Trump and Vance's Foreign Policy Is More War Disguised As Anti-War
Despite flirting with “America First” realism and restraint, the Republican ticket is all-in on the forever wars.
From the headlines, you would think that Republican presidential candidate Donald Trump and his running mate J.D. Vance were committed to overthrowing the national security establishment.
"Trump Picking Vance Widens Rift With Foreign Policy Old Guard," reported Bloomberg.
"Trump's VP pick spells 'disaster' for Europe and Ukraine," fumed Politico.
For all of Trump's rhetoric about "endless wars" and Vance's attacks on "neoconservatives," however, the two politicians are all-in on some of the establishment's most destructive military adventures. And in some ways, Trump and Vance are even more hawkish than the baseline.

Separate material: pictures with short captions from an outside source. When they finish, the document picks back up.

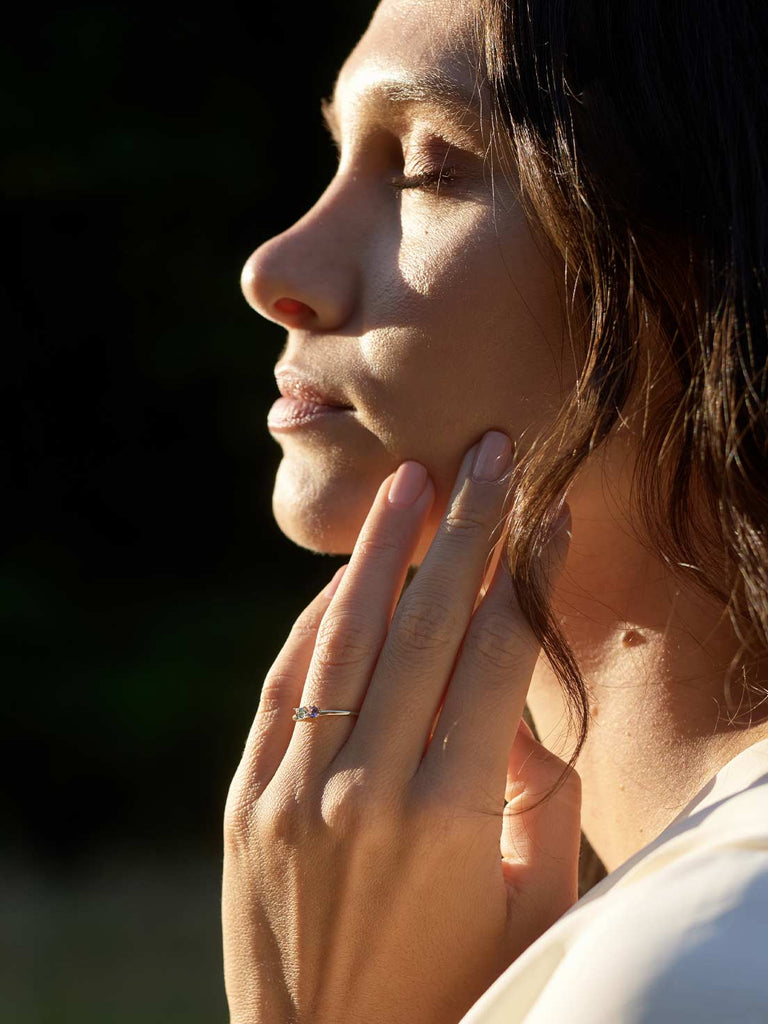 Ring Ophelia | Geburtsstein Ring Toi et Moi von DEAR DARLING BERLIN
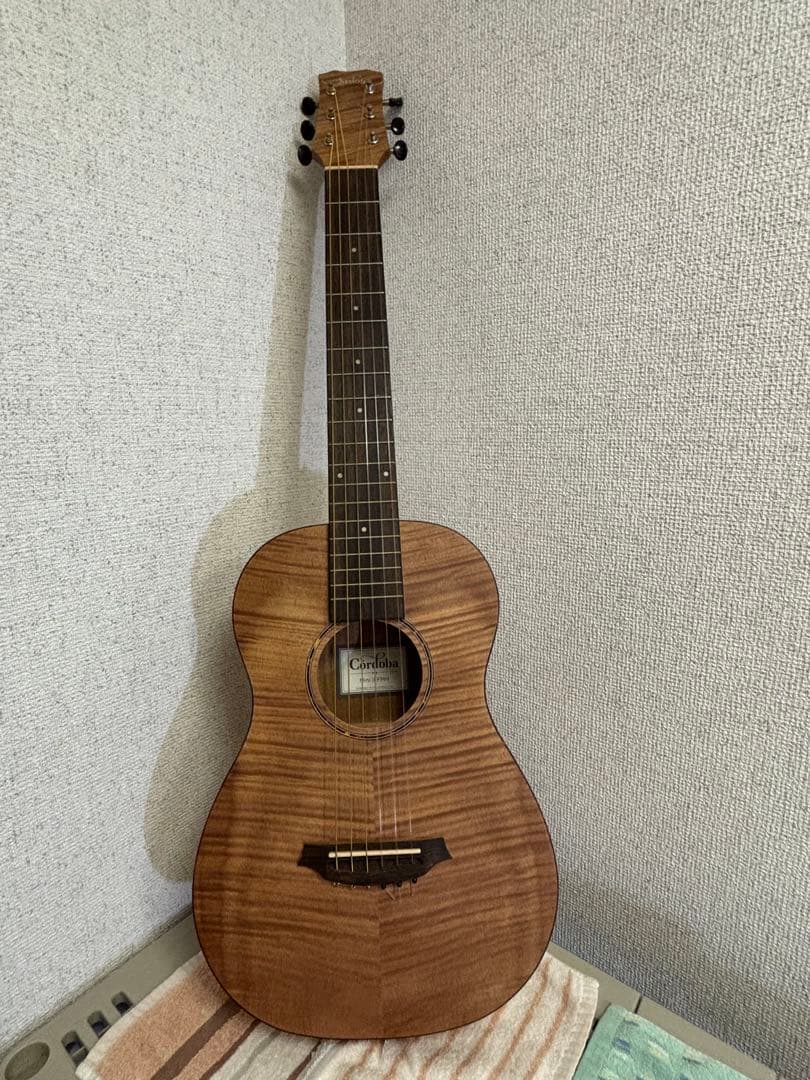 ユ*ジ様 Cordoba Mini II FMH ギグバッグ付き Cordoba Mini II FMH Nylon String Acoustic Guitar - Flamed Mahogany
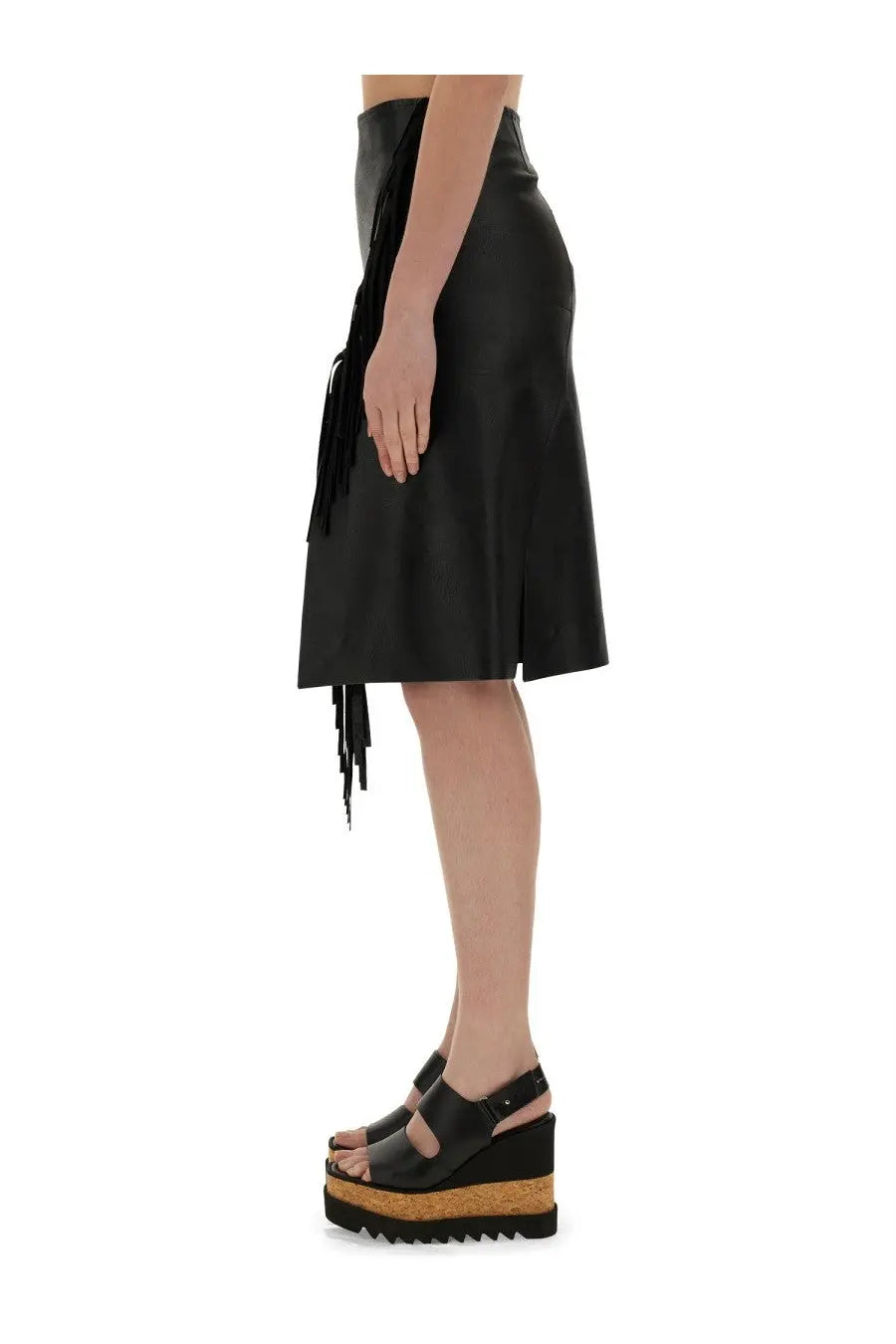 Stella McCartney Women's Fringed Skirt Black, view 4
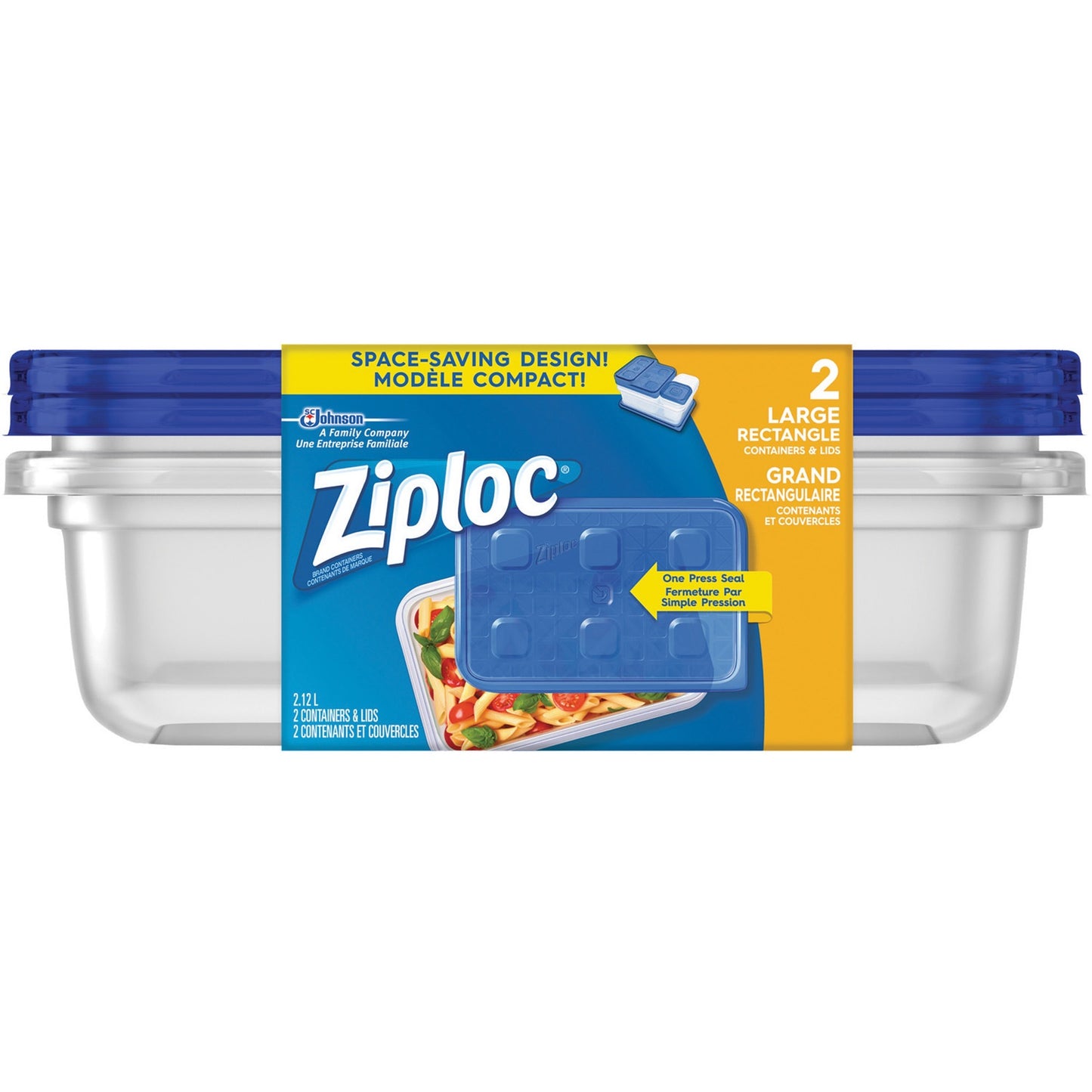 Ziploc&reg; Containers Large Rectangle 2/pkg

"A lot of people recognize that we need to do something with Iran—but not these weak little bombing runs," Vance said in a Fox News interview at the Republican National Convention on Monday. "If you're going to punch the Iranians, you punch them hard, and that's what [Trump] did when he took out [Iranian Gen. Qassem] Soleimani."
Vance praised Trump for trying to "enable the Israelis and the Sunni Arab states" to fight back against Iran. In a speech to the Quincy Institute in May, Vance tried to sell a U.S.-Israeli-Arab alliance as a way for the United States to "spend less time and less resources in the Middle East."
But that's exactly the strategy that got us here in the first place, and the proof is in the pudding. Trump's shows of force against Iran did not decisively end U.S.-Iranian conflict, nor did the Abraham Accords get Israel and the Arab states to pick up the military slack.
Instead, Trump ended up overseeing a massive U.S. military buildup in the region during his term and nearly went to war with Iran.
Vance even wants to add another counterinsurgency to America's "forever war" roster. In July 2023, he told NBC News that he would "empower the president of the United States, whether that's a Democrat or Republican, to use the power of the U.S. military to go after these drug cartels" in Latin America.
Washington is already heavily involved in that region's war on drugs, doling out support to Latin American militaries and border forces. Last year, several Republican candidates—including Trump himself—called for the United States to invade Mexico directly.
Trump and Vance also share the establishment view that the United States needs to get ready for a conflict with China over Taiwan. At the convention, Vance told Fox News that China is the "biggest threat" to America, and he has voiced support for building up the Taiwanese military with American weapons in the past.
To his credit, Vance has been a little more thoughtful about the risks of escalation than some other China hawks. "As a father of three young children, I really don't want to go to war with a country that makes all of our antibiotics," he said in his Quincy Institute speech. "So for the neoconservatives, maybe pump the brakes for at least 10 years."
The stance that puts Trump and Vance most at odds with the foreign policy establishment is their opposition to U.S. military aid for Ukraine. In a February speech to the Senate, Vance complained that the "experts have a new thing that American taxpayers must fund and must fund indefinitely, and it is called the conflict in Ukraine." He has also written about the munitions shortages that the war is causing, a rare moment of honesty by a politician about the limits of U.S. power.
Vance told Fox News at the convention that Trump will "go in there, negotiate with the Russians and the Ukrainians, [and] bring this thing to a rapid close." He also said that the war simply wouldn't have started if Trump were in office. Yet in practice, Trump's policies toward Russia and Ukraine were just as hawkish as those of his successor. In fact, Trump was the first U.S. president to send weapons to Ukraine—a fact that he bragged about at the time.
And tellingly, at the presidential debate in June, Trump blamed President Joe Biden's military withdrawal from Afghanistan for causing the Ukrainian conflict. "He was so bad with Afghanistan, it was such a horrible embarrassment," Trump said. "When [Russian President Vladimir] Putin saw that, he said, 'You know what? I think we're going to go in.'"
It's not really an argument against war—just a promise to be better at it than the last guy.
Many Democrats and Republicans want to have their cake and eat it too. They know that Americans are fed up with endless military conflict, but they want to make their opponents look weak. Liberal criticisms of Trump's foreign policy were just as incoherent as conservative criticisms of Biden's foreign policy.
But wanting to win harder is not a strategy. And America's problems are not simply a lack of gumption. Vance may be more willing to acknowledge the limits of U.S. power than his competition. When it comes to actually applying those insights, he falls far short.